In today’s extremely competitive business environment, customers are more demanding than ever and will abandon a business that is too slow to respond. This has put an onus on IT to deliver solutions that provide a holistic and uniform experience to the customer, across all business channels. Microservice architecture has the potential to address this business challenge; it is all about achieving speed and safety at scale and it provides the flexibility to pick and choose technology for implementing a solution. This approach positions IT as a business partner rather than in a traditional support role.
Microservice architecture consists of a suite of independently deployable, small, modular, and compassable (composable) services. Each service runs a unique process and communicates through a well-defined, lightweight mechanism to serve a business goal. It aligns with the business to deal with changes in agile fashion, matches business changes with agile response, and delivers solutions in a decentralized manner. In addition to modular services, the API gateway and other elements are integral parts of microservice architecture (see figure below).
The What and Why of API Gateways
Basically, the API Gateway is a reverse proxy to microservices and acts as a single-entry point into the system. It is similar to a Facade pattern from object-oriented design and similar to the notion of an “Anti-Corruption Layer” in Domain Driven Design. It makes the processes of API design, implementation, and management considerably simpler and more consistent. The gateway helps to address some of the key concerns, including:
- How to deal with features such as security, throttling, caching and monitoring at one place
- How to avoid chatty communication between clients and microservices
- How to satisfy the needs of heterogeneous clients
- How to route requests to backend microservices
- How to discover working microservice instances
- How to discover when a microservice instance is not running
With a single-entry point into the system, it becomes easy (and manageable) to enforce runtime governance such as common security requirements, common design decisions (e.g. every consumer of the service should have X-Correlation-ID header), and real-time policies such as monitoring, auditing and measuring API usage, and throttling.
The gateway abstracts microservices from their consumers, which provides flexibility to freely add or remove microservice instances to adapt to the load/demand of microservices.

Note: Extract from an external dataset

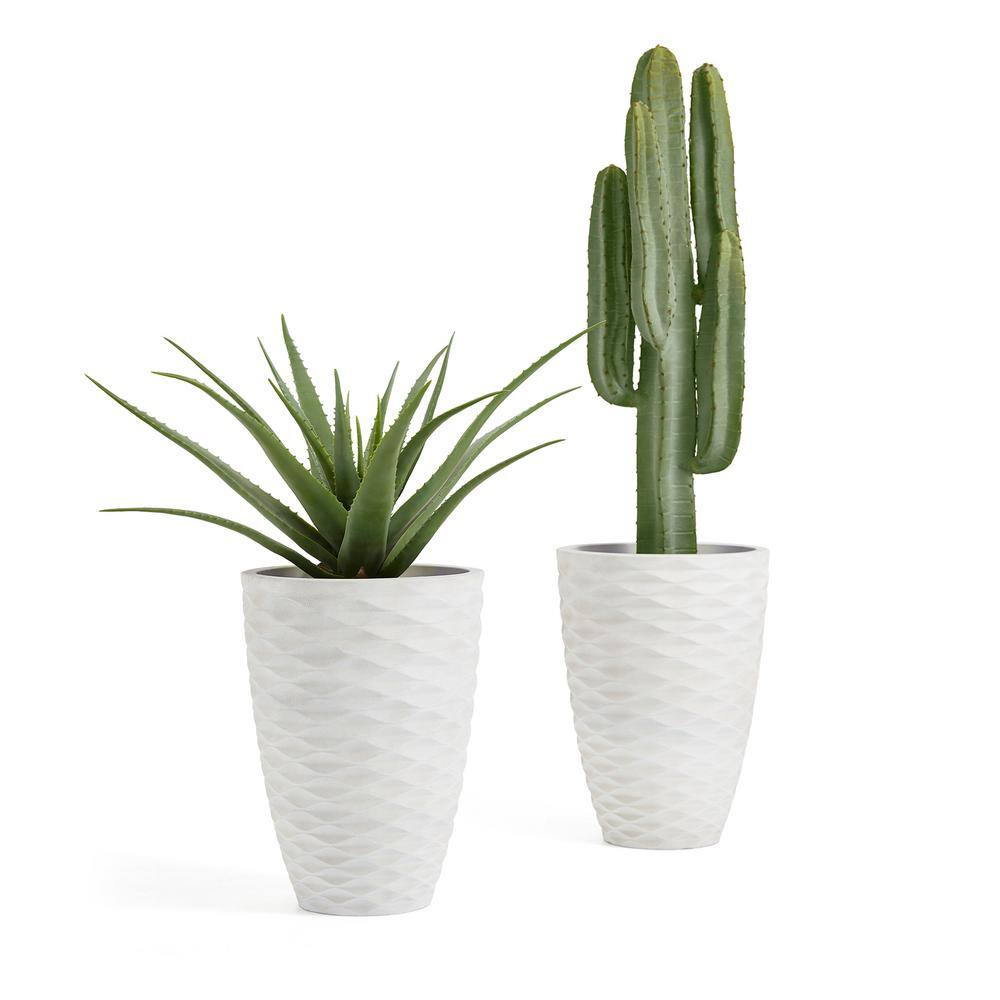 Glitzhome Eco-friendly Oversized Plastic Tall Round Diamond Planter， (Set of 2) 2007200016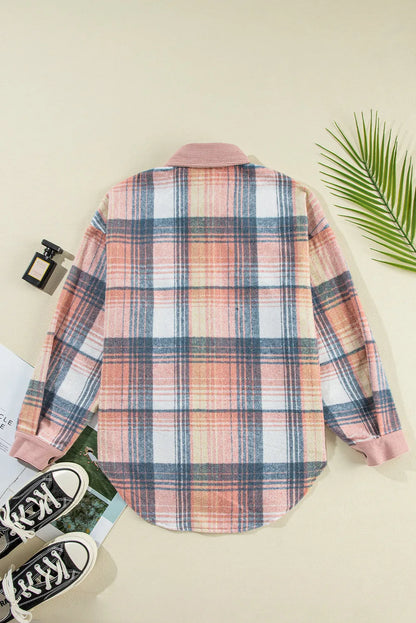 Light Pink Plaid Corduroy Patchwork Chest Pocket Shacket - Chic Meadow Boutique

There may be an instance when different consumers of the service require particular data and/or have it in a special format. For example:
- An e-commerce mobile app shows product information and availability of product on the product details screen, but the desktop website version of the same e-commerce site shows recommendations, in addition to product information and availability.
- There are mobile apps where one understands XML payload and others understand JSON.
The API Gateway is the best place to address these transformation requirements, which can be accomplished by providing application-specific APIs for the same business feature at the gateway level. A one-size-fits-all approach would make it hard to extend functionality, as the degree of diversity increases.
The gateway also helps by recording data for analysis and auditing purposes, load balancing, caching, and static response handling. The diagram below shows how the gateway typically fits into the overall microservice architecture.
Security is an important requirement of any enterprise solution. At a certain point in the architecture, the best options available for authentication, authorization, threat protection, message protection, etc. must be chosen.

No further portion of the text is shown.